Das oberste französische Gericht hielt außerdem die Anklage wegen Terrorismusfinanzierung aufrecht, für deren Abweisung Lafarge gekämpft hatte.
Aktuelle Situation
Lafarge – jetzt Teil des Schweizer Baustoffkonzerns Holcim – hat zugegeben, 2013 und 2014 fast 13 Millionen Euro an Mittelsmänner gezahlt zu haben, um seine syrische Zementfabrik am Laufen zu halten, lange nachdem sich andere französische Firmen aus dem Land zurückgezogen hatten. Das Unternehmen behauptet nach wie vor, es sei nicht dafür verantwortlich, dass das Geld in die Hände terroristischer Gruppen gelangt sei.
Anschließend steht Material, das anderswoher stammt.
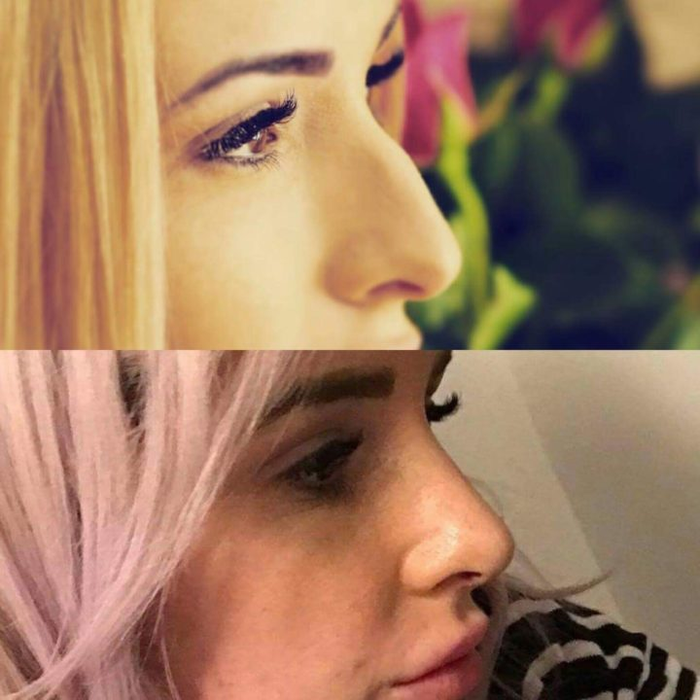 Diferența dintre nasul ei și cel operat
Das Pariser Berufungsgericht hat den Einspruch Lafarges verworfen und stattdessen Frankreichs oberstem Gerichtshof rechtgegeben. Das Gericht schlug sich nun auf die Seite der Staatsanwaltschaft, die behauptete, Lafarge habe „über seine Tochtergesellschaften Operationen des Islamischen Staates mit mehreren Millionen Euro finanziert, und zwar in vollem Bewusstsein über dessen Aktivitäten“. Die Entscheidung bedeutet, dass ein Richter Lafarge und acht seiner Führungskräfte, darunter der ehemalige CEO Bruno Lafont, vor Gericht stellen könnte.
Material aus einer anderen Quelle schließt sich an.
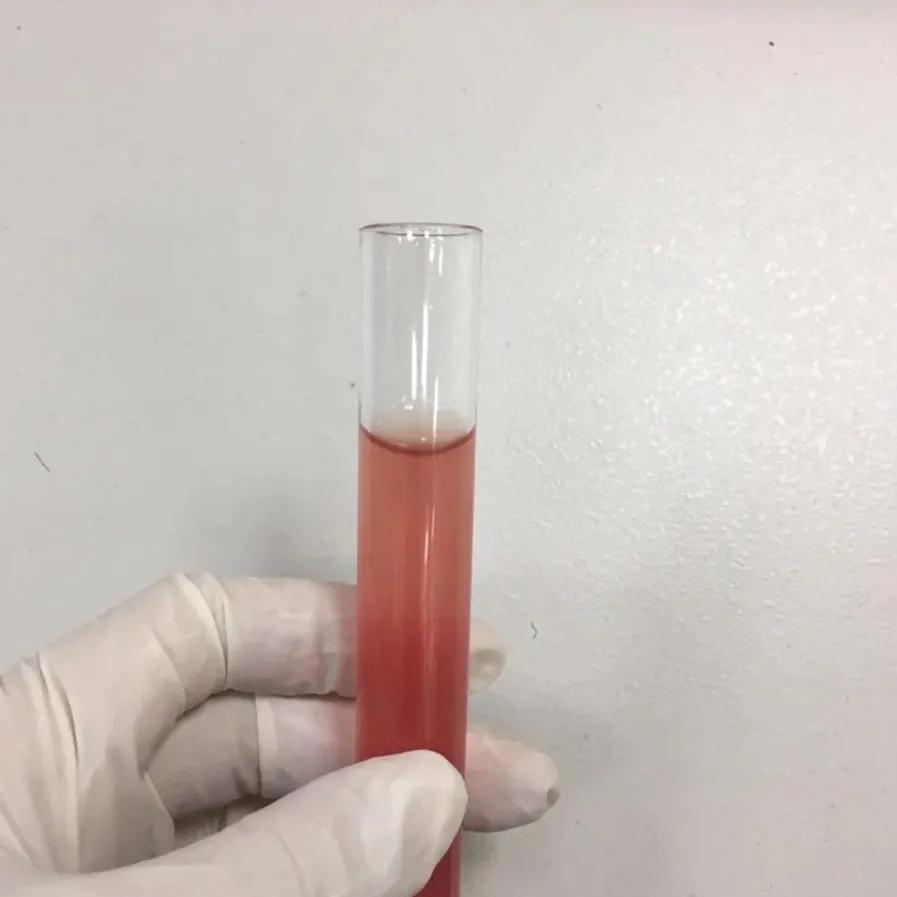 男性小便尿血怎么回事,80岁男性尿血怎么办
Das Berufungsgericht bestätigte auch die Anklage wegen Finanzierung von Terrorismus und Gefährdung des Lebens anderer, weil Lafarge seine syrischen Mitarbeiter in Gefahr gebracht habe, als die IS-Rebellen weite Teile des Landes einnahmen und den Konzern im September 2014 schließlich dazu zwangen, sein Zementwerk in Jalabiya bei Aleppo aufzugeben. Das Unternehmen hatte 680 Millionen Euro in den Bau des Werks investiert, das 2010 fertiggestellt wurde – nur ein Jahr vor Ausbruch des Krieges, der schätzungsweise mehr als eine halbe Million Menschen getötet hat. Die Anwälte von Lafarge lehnten eine Stellungnahme zu dem Urteil ab, als sie von der Nachrichtenagentur AFP kontaktiert wurden.
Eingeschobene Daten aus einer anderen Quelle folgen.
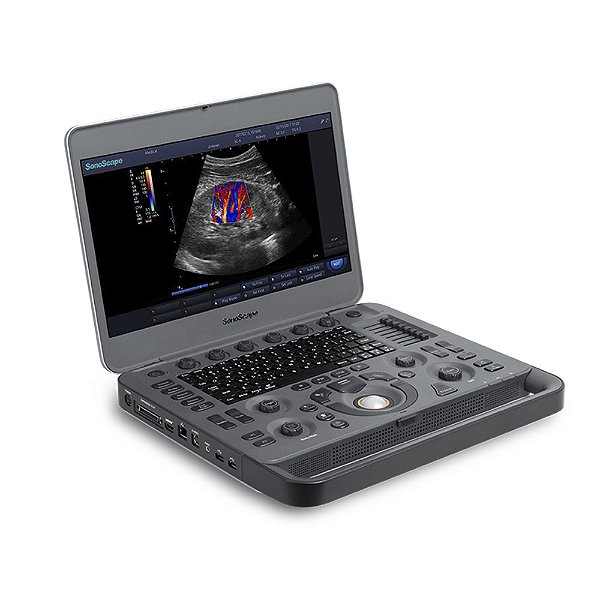 Equipamento de Ultrassom e Elastografia Doppler Colorido Portátil SonoScape X3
Wann der Prozess gegen Lafarge starten könnte, ist noch nicht geklärt. Der Schweizer Mutterkonzern LafargeHolcim kündigte in einer Mitteilung an, gegen die Entscheidung Berufung einlegen zu wollen. Ein Prozess hätte historische Bedeutung: Erstmals käme mit dem Konzern Lafarge in Frankreich ein Unternehmen als juristische Person für die mutmaßliche Beteiligung an Verbrechen gegen die Menschlichkeit vor Gericht , und nicht wie bisher nur Einzelpersonen. Dies würde Präzedenzfall schaffen und die Verantwortung des gesamten Unternehmens und seiner Strukturen statt der Verantwortung Einzelner in den Vordergrund rücken.